■ **Exercise instructions**
Copy every line of the records below that holds the word "espace".

■ **Image-caption web data**
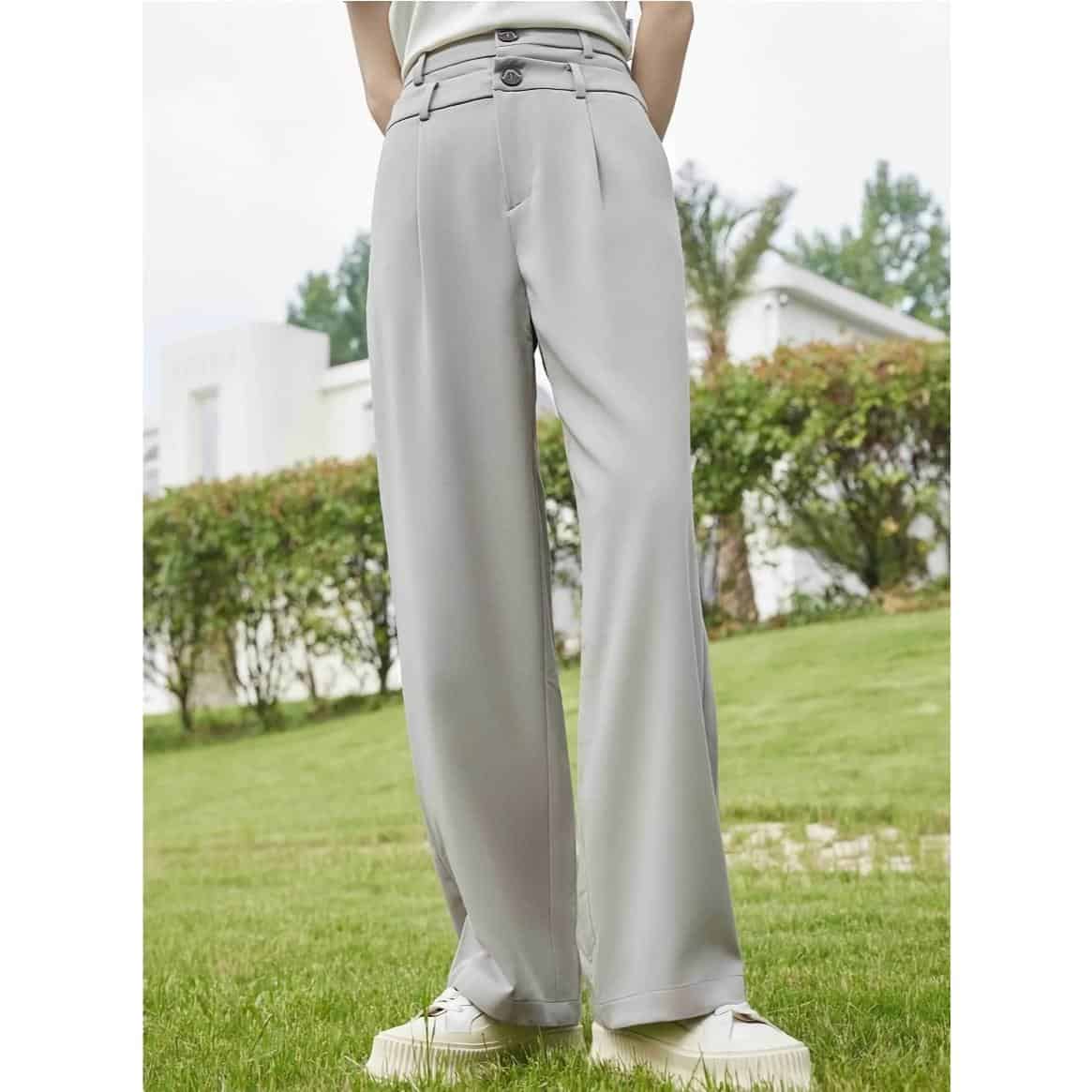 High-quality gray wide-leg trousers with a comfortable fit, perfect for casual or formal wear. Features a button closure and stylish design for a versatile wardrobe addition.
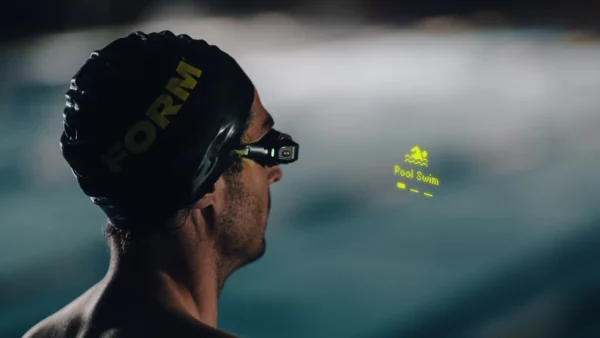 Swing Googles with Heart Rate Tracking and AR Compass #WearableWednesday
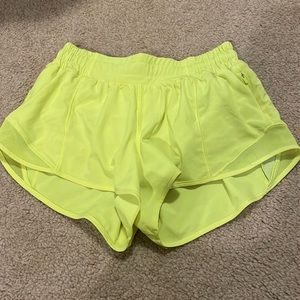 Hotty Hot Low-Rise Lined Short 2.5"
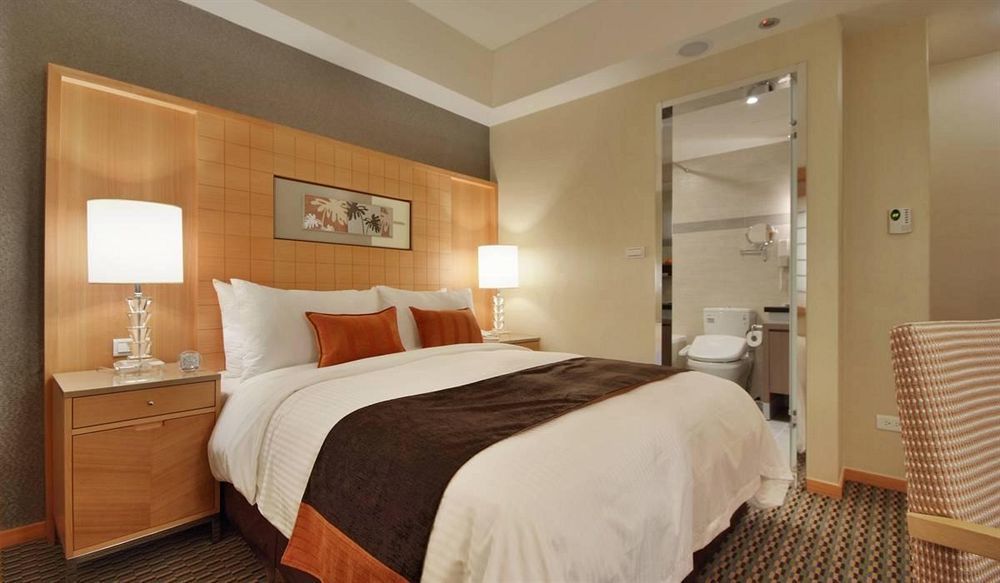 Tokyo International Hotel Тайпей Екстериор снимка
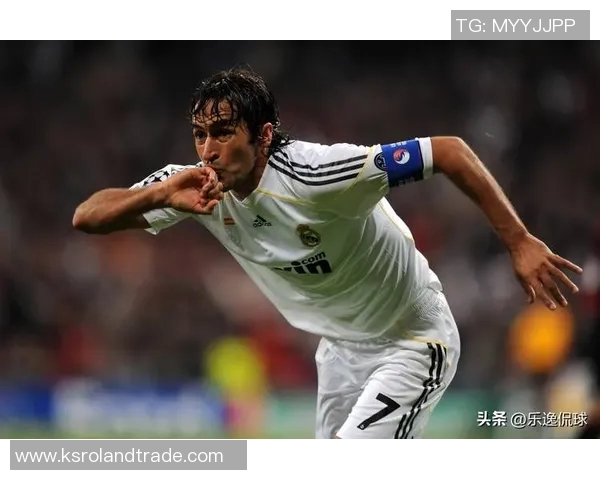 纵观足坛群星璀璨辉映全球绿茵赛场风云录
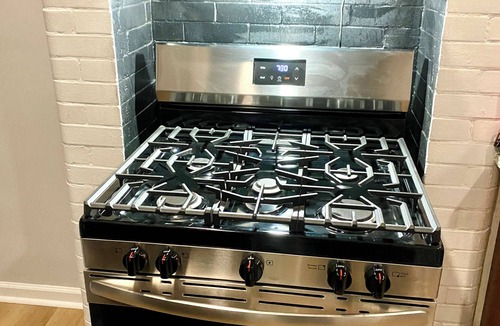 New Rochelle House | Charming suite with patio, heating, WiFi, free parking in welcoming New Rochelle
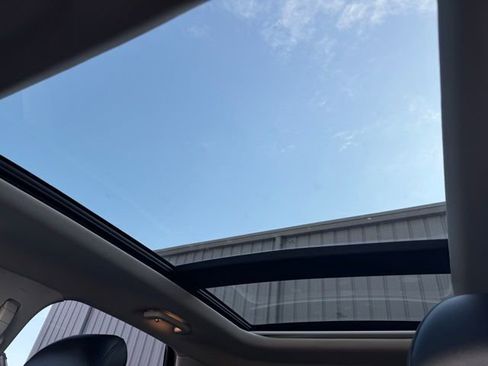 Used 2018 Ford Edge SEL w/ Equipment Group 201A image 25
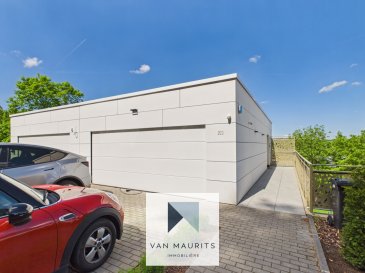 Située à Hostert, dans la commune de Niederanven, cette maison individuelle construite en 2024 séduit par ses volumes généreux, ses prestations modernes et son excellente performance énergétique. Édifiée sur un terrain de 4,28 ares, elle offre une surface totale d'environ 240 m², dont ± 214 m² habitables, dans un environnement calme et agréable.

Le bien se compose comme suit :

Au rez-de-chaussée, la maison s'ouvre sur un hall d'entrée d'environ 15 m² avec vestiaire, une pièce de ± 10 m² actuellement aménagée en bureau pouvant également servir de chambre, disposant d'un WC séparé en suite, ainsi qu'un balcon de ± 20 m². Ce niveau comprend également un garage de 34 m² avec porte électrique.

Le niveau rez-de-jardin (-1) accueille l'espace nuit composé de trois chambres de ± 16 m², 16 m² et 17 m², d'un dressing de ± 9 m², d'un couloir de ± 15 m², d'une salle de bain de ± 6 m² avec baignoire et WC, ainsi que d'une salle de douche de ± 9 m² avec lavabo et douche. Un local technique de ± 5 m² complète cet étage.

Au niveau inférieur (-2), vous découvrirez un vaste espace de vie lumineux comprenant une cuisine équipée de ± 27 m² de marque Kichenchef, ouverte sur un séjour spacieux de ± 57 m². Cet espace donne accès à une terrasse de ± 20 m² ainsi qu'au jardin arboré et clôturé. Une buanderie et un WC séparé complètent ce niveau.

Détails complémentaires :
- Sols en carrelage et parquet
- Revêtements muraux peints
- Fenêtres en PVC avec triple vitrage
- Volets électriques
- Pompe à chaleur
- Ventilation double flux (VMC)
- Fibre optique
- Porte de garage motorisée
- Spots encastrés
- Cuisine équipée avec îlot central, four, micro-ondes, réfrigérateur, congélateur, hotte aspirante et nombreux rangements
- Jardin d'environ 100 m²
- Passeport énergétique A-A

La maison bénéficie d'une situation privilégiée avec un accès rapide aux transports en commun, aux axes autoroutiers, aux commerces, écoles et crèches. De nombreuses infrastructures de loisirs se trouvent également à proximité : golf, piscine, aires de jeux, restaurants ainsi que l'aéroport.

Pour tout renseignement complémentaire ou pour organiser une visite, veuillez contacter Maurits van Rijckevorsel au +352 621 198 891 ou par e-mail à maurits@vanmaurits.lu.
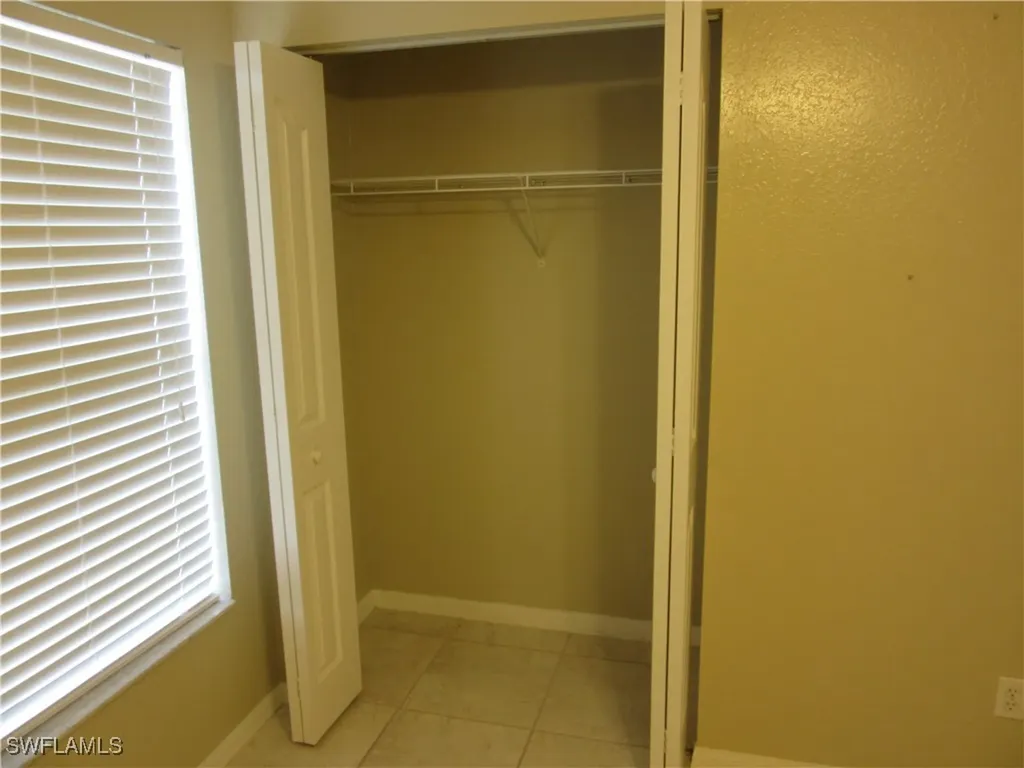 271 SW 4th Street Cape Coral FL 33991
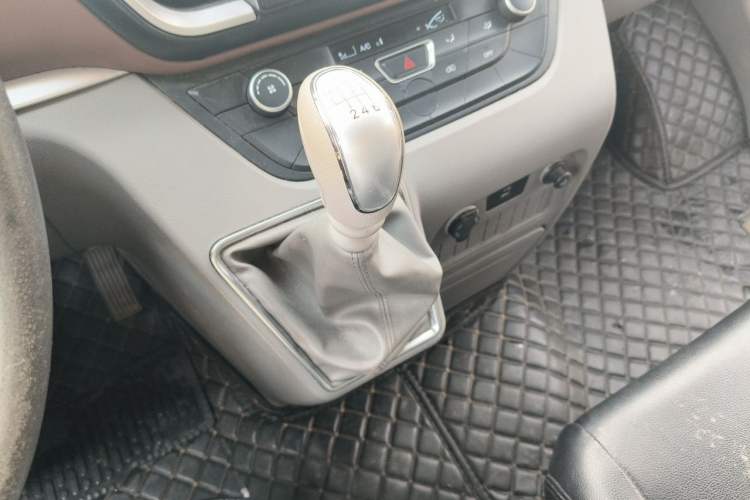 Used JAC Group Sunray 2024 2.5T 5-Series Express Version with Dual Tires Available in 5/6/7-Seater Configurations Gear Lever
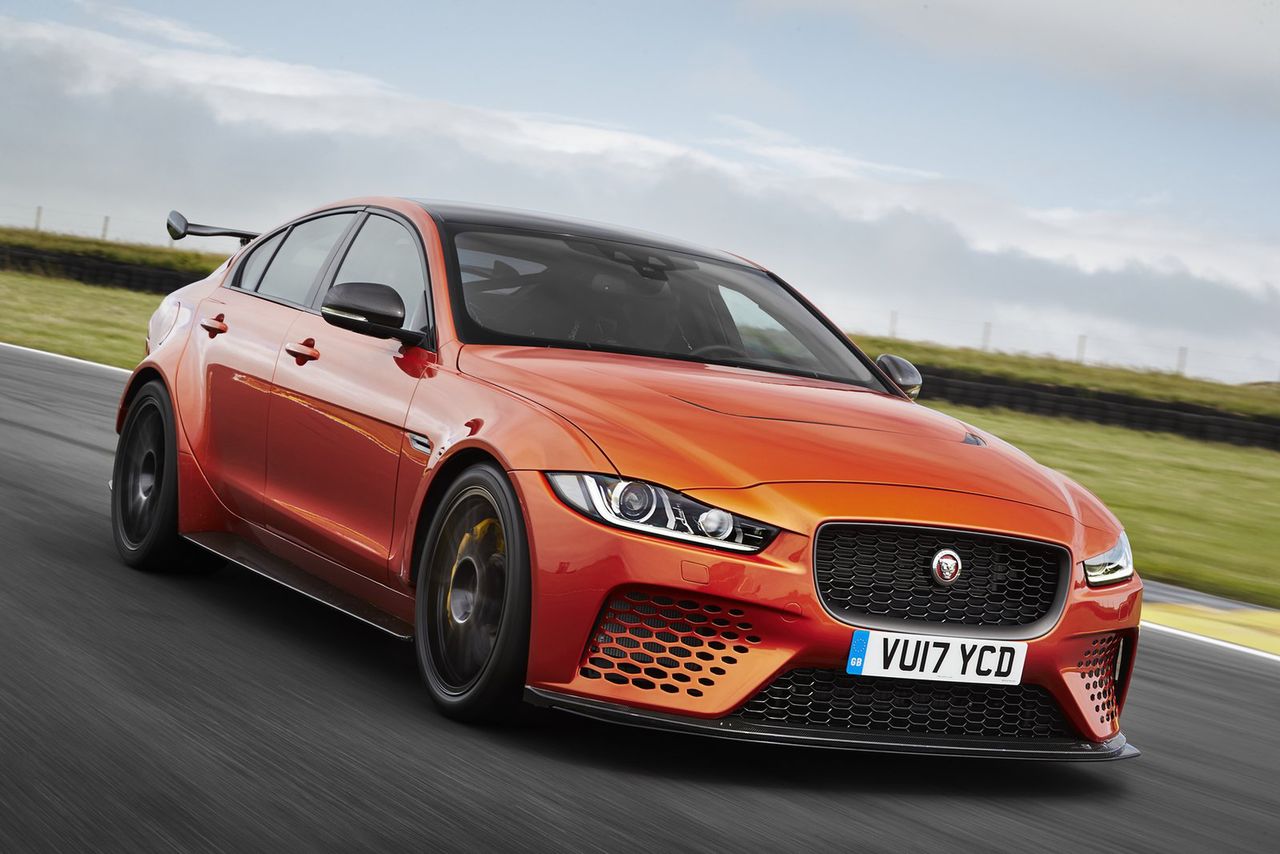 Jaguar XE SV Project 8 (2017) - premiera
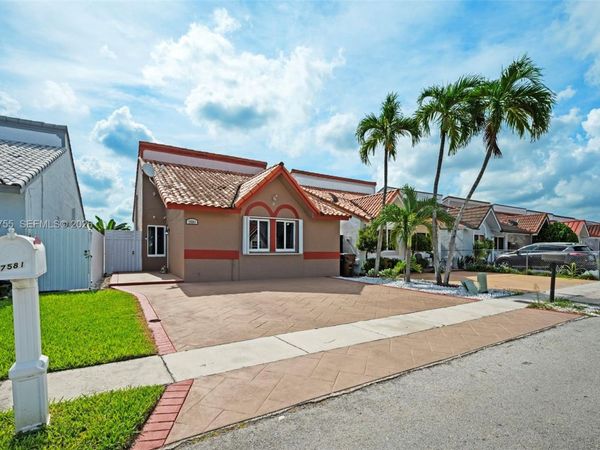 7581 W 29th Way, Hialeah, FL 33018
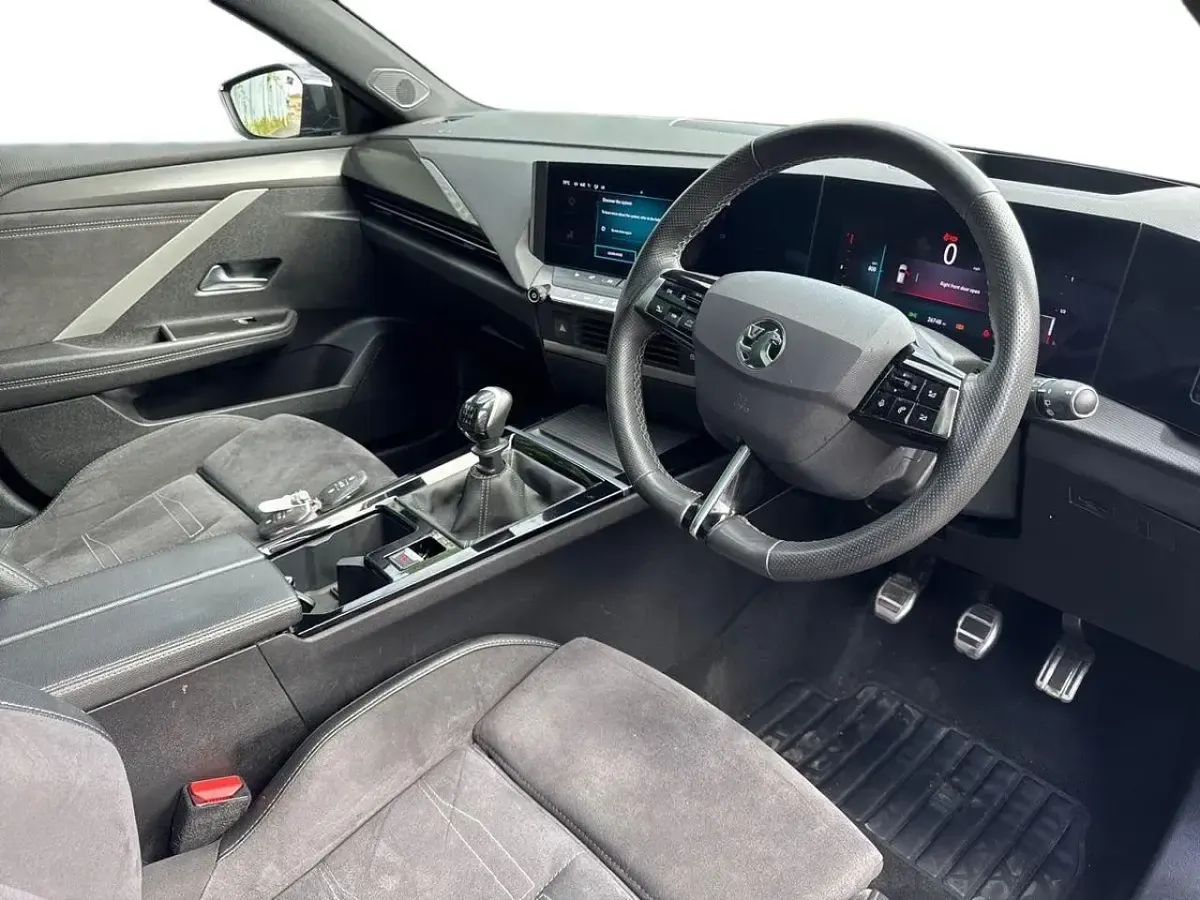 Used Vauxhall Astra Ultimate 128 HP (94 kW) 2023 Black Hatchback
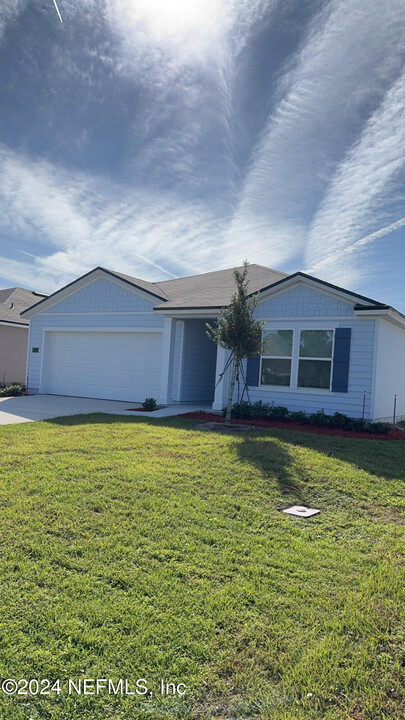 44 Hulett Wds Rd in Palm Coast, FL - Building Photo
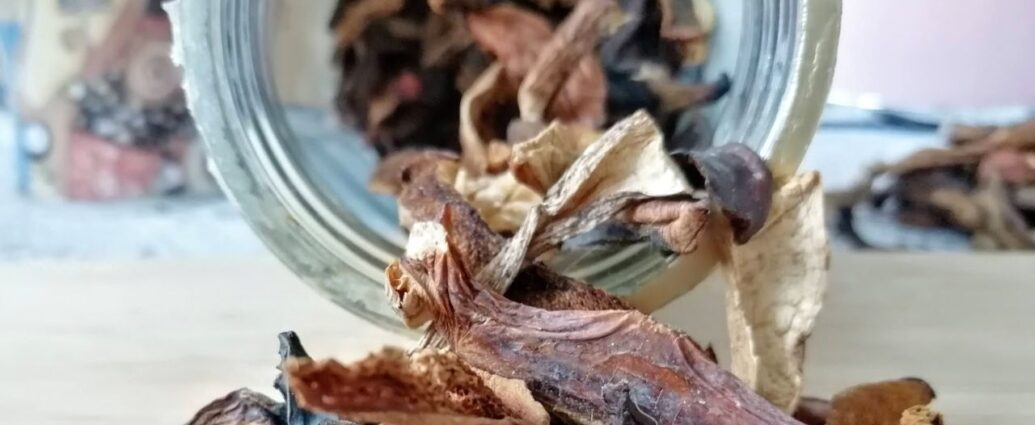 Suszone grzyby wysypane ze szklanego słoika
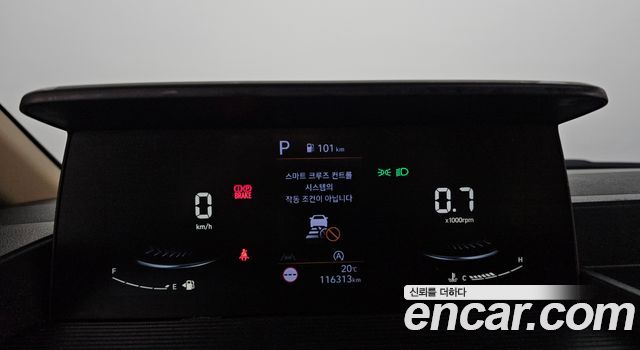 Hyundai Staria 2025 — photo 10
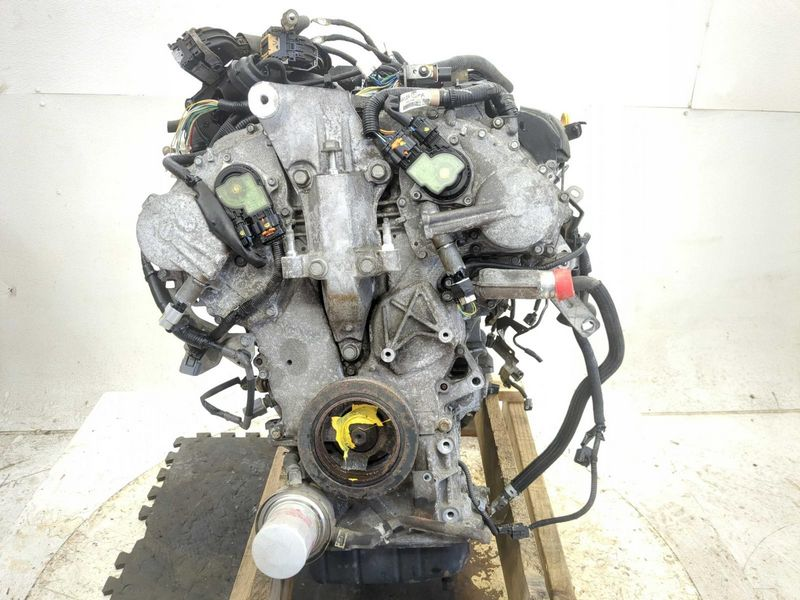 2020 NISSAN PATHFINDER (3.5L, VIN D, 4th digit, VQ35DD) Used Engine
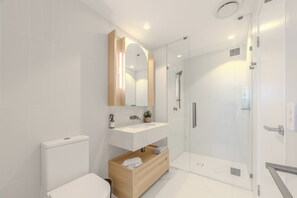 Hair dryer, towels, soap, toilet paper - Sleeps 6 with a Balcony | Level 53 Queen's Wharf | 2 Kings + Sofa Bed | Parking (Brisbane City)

■ **Solved problem**
Le niveau rez-de-jardin (-1) accueille l'espace nuit composé de trois chambres de ± 16 m², 16 m² et 17 m², d'un dressing de ± 9 m², d'un couloir de ± 15 m², d'une salle de bain de ± 6 m² avec baignoire et WC, ainsi que d'une salle de douche de ± 9 m² avec lavabo et douche. Un local technique de ± 5 m² complète cet étage.
Au niveau inférieur (-2), vous découvrirez un vaste espace de vie lumineux comprenant une cuisine équipée de ± 27 m² de marque Kichenchef, ouverte sur un séjour spacieux de ± 57 m². Cet espace donne accès à une terrasse de ± 20 m² ainsi qu'au jardin arboré et clôturé. Une buanderie et un WC séparé complètent ce niveau.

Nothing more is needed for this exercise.